In other words, a promise was cynically downgraded – a tricky move if ever there was one.

It is now well over six years since that promise was made and dishonoured, and there’s no sign of it ever being honoured.

In fact, Labor’s power brokers hoped everyone had forgotten Dr Gallop ever gave that democratic undertaking.

They sat tight, fingers crossed, hoping no-one remembered.

But in a very real sense, Dr Michael has done precisely that by daring to say WA’s governorship “might be an elected position one day”.

Premier Alan Carpenter could easily honour the 2000 Gallop promise to give Western Australians a vote on whether they want democratically elected governors, rather than retain undemocratically selected ones.
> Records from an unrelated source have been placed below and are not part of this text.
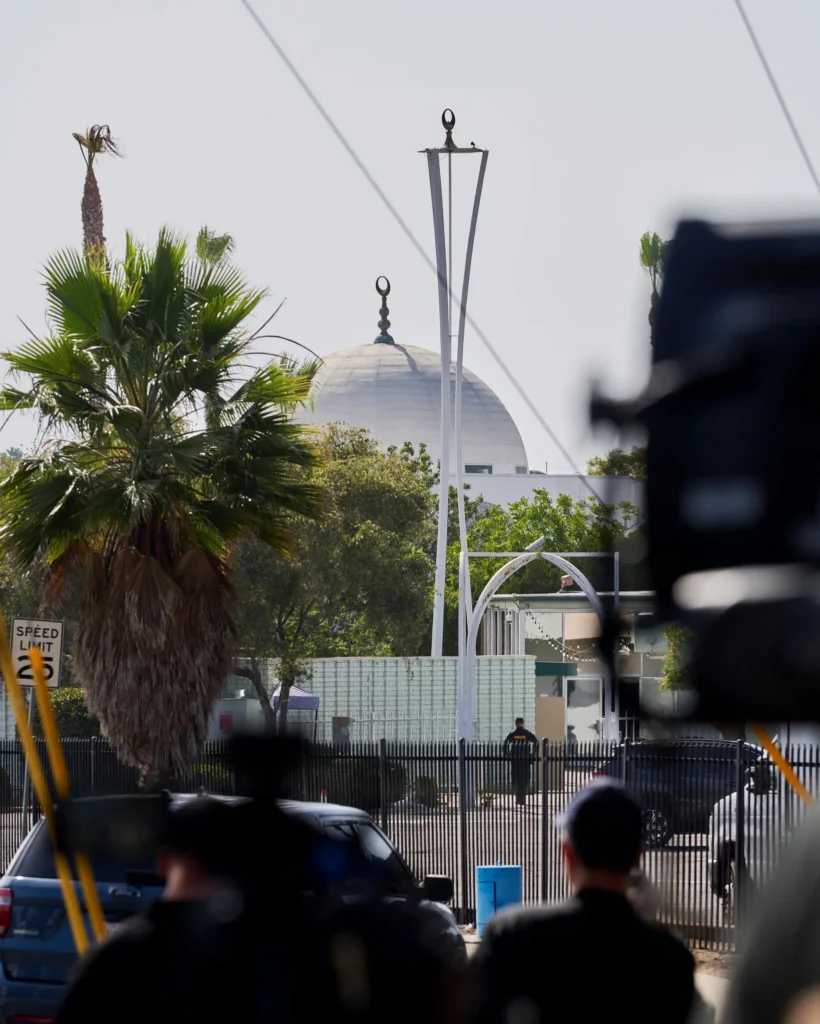 Remaja Tembak Jamaah Masjid San Diego Akibat Radikalisasi Online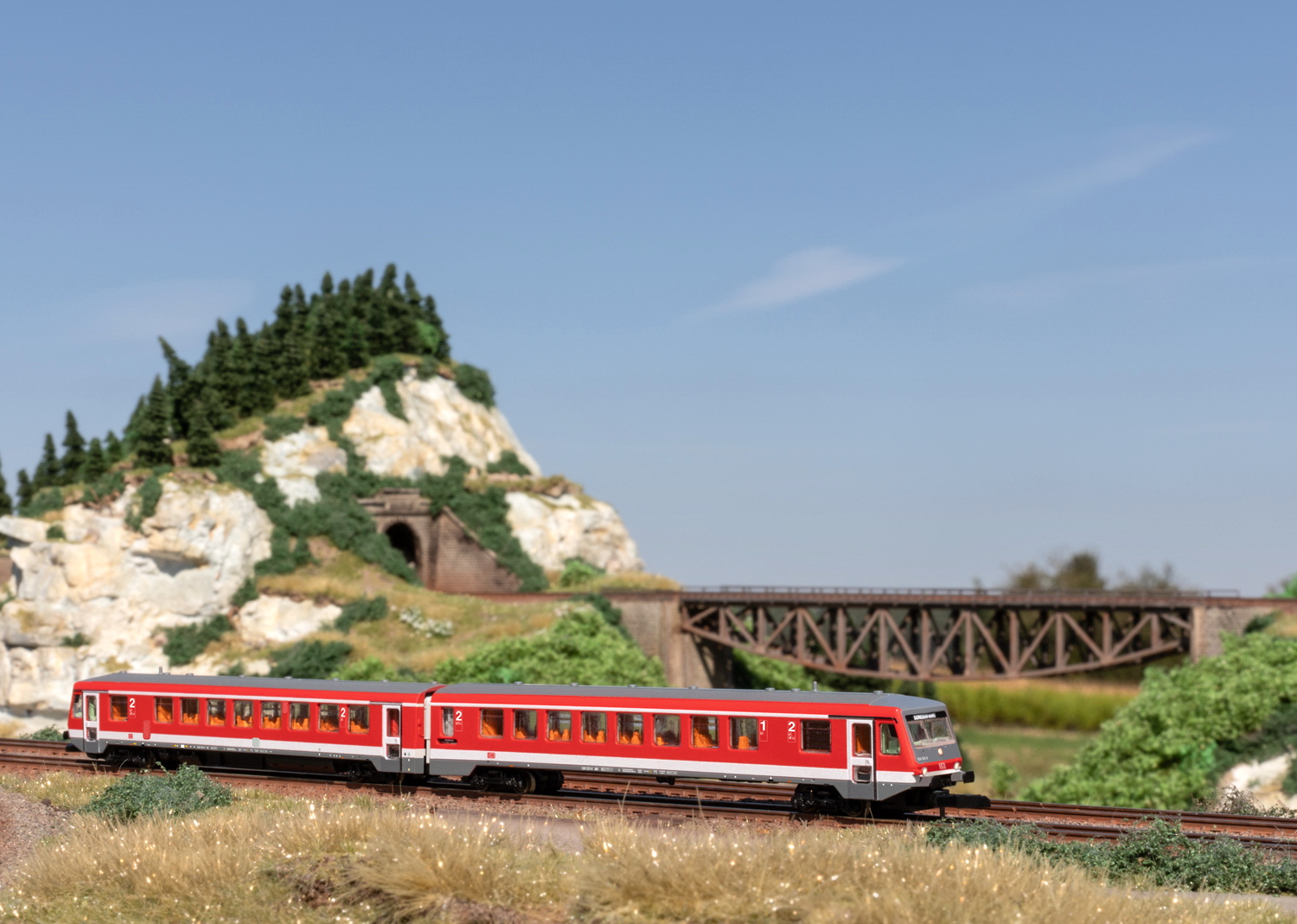 MÄRKLIN 88700 DB AG Dieseltriebwagen BR 628.2 / 928.2 verkehrsrot Spur Z, 1:220 – Bild 5
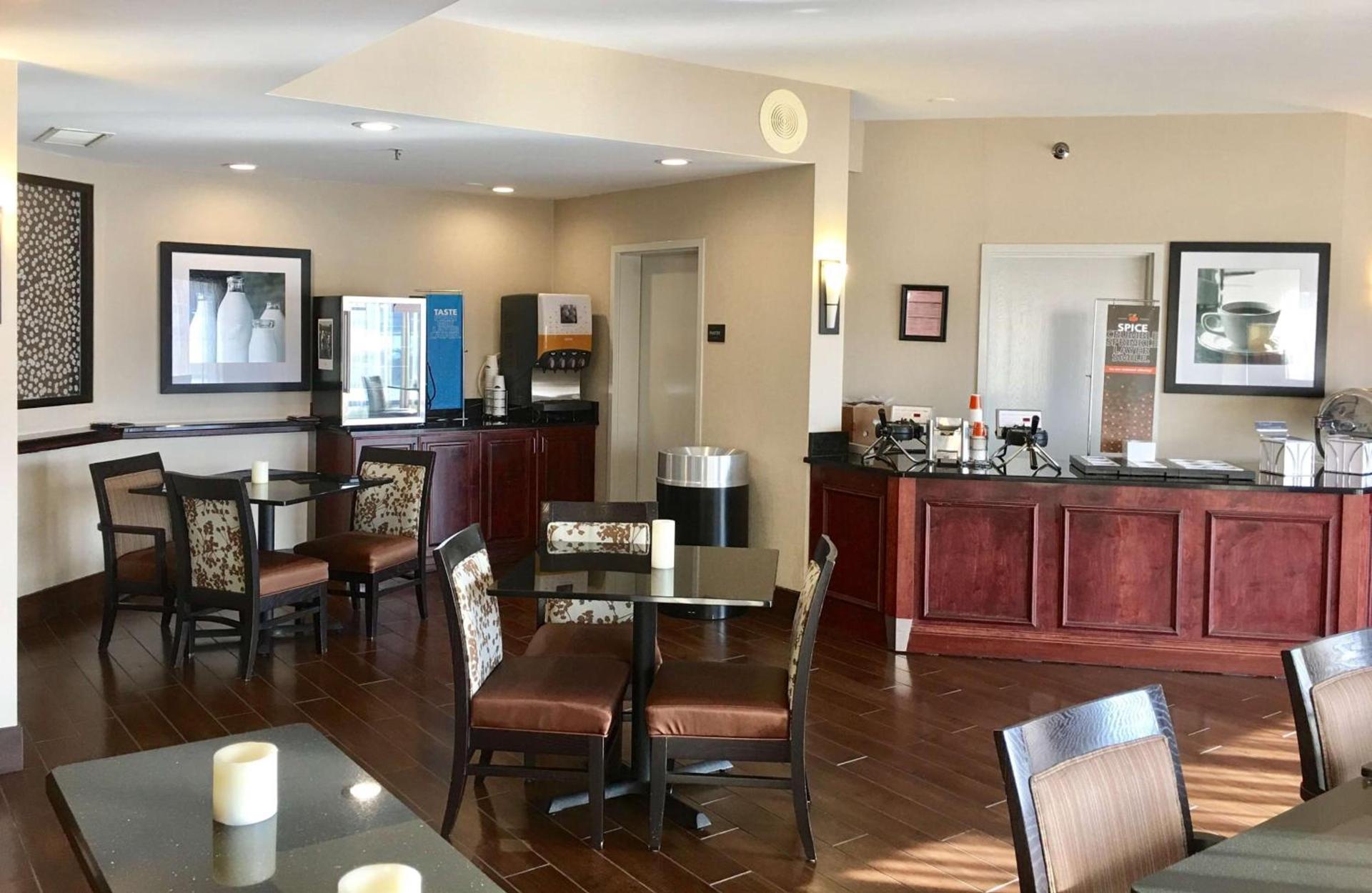 Hampton Inn Sevierville photo 11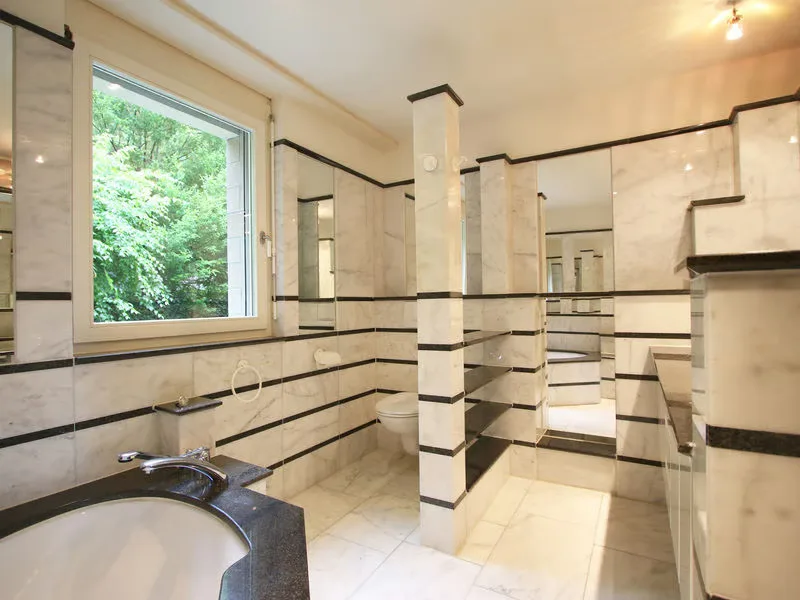 Exklusive 6.5-Zimmer-Wohnung auf zwei Ebenen mit Weitblick in Riehen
All he needs do is hold a referendum on the day of the 2009 state election, thereby belatedly honouring the Gallop promise that Labor has tried to hide.
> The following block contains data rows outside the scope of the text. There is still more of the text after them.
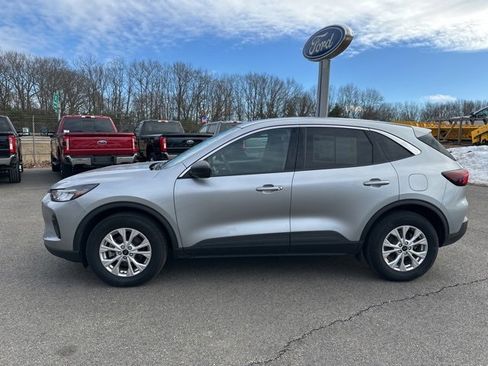 Used 2023 Ford Escape Active image 4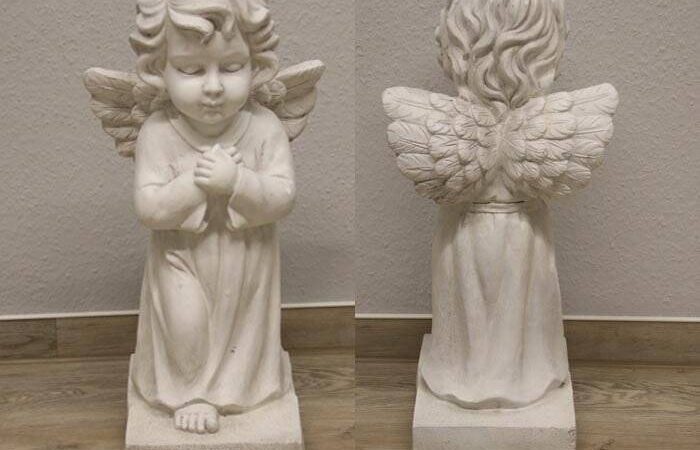 Kurioses Fundstück: Weiße Figur in Bedburg-Hau gefunden – Polizei sucht Eigentümer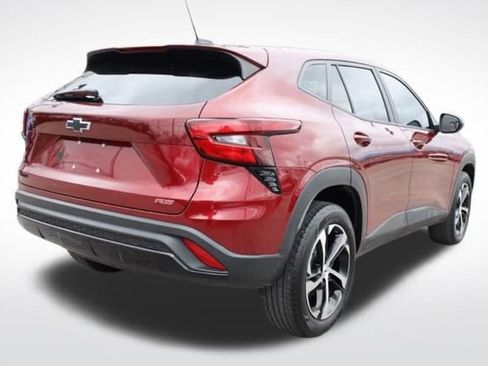 Used 2024 Chevrolet Trax RS image 11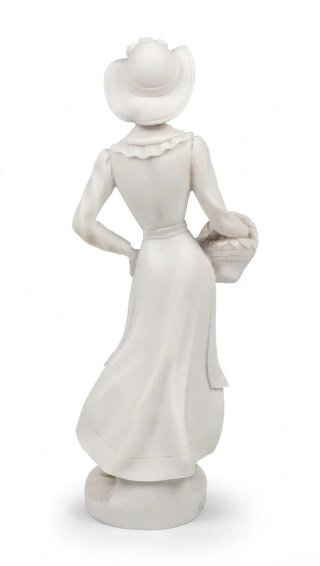Figura di donna in pietra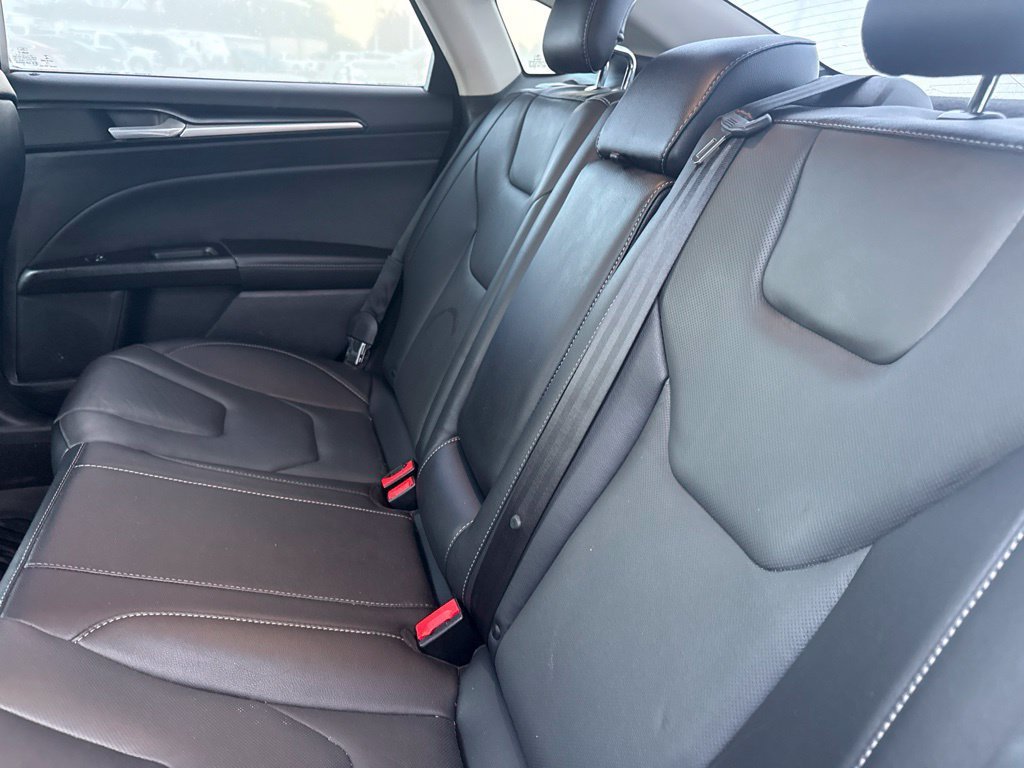 Used 2019 White Platinum Clearcoat Metallic Ford Titanium image 19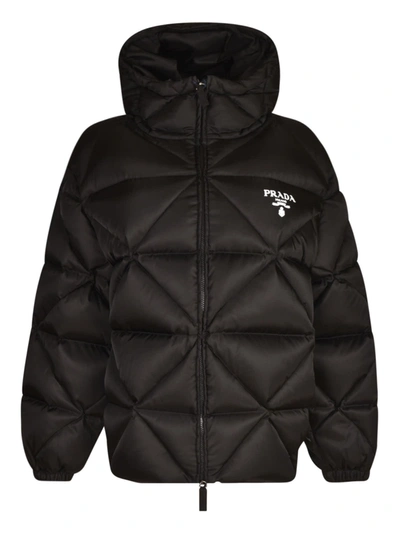 Prada Triangle Quilted Logo Padded Jacket In Black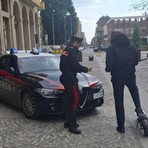 Biella, 7 sanzioni per monopattini elettrici: la stretta dei Carabinieri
The elegance of such a move – especially if Western Australians opted for the democratic path, as State Scene believes they would – is that whenever the governorship needed to be filled, the premier of the day would simply advise Buckingham Palace that the people had chosen someone by ballot.

Under the system State Scene recommends, premiers would be under enormous pressure to nominate someone who was likely to attract overwhelming electoral support – 90-plus per cent – so it would be most unlikely party hacks would be nominated.

In other words, nothing would change in the nomination phase.

Where the change would come is the all-important confirmatory phase with the people voting to back or oppose premier-nominated individuals.

This, as well as being a democratic reform, would ensure the position of governor wouldn’t become party politicised, since premiers would feel compelled to nominate persons who could gain overwhelming support – individuals of standing, achievement and one’s commanding broad respect.

Another outcome of this democratic process is that, in say 30 or 40 years’ time, if the republican debate to which Dr Michael alluded was resolved in the direction of transforming WA into a republic, all that would be needed is to cease seeking Buckingham Palace’s concurrence for the nominated and electorally confirmed governors.

All future WA governments would need to do is call a referendum asking voters if they backed the idea of WA becoming a republic.

If a majority of Western Australians voted yes, then all that would be needed is for premiers to cease contacting Buckingham Palace for a monarch’s concurrence for the person who had been confirmed as governor by WA’s electors.

It’s as simple as that.

Much fuss and bother was experienced during the 1990s over finding what was called a minimalist approach to transforming Australia into a republic.

State Scene cannot think of anything more minimalist than no longer having to write to Buckingham Palace to advise monarchs that 80 or 90, or more, per cent of citizens had confirmed a particular person to be governor, following a premier nominating the candidate.

We’d simply cease requesting Buckingham Palace’s concurrence and move on to becoming the Western Australian Democratic Republic.

You can’t get simpler than that.

State Scene certainly appreciates Dr Michael highlighting the democratising option for the vice-regal post, something that was hidden from voters by Labor at the 2001 election.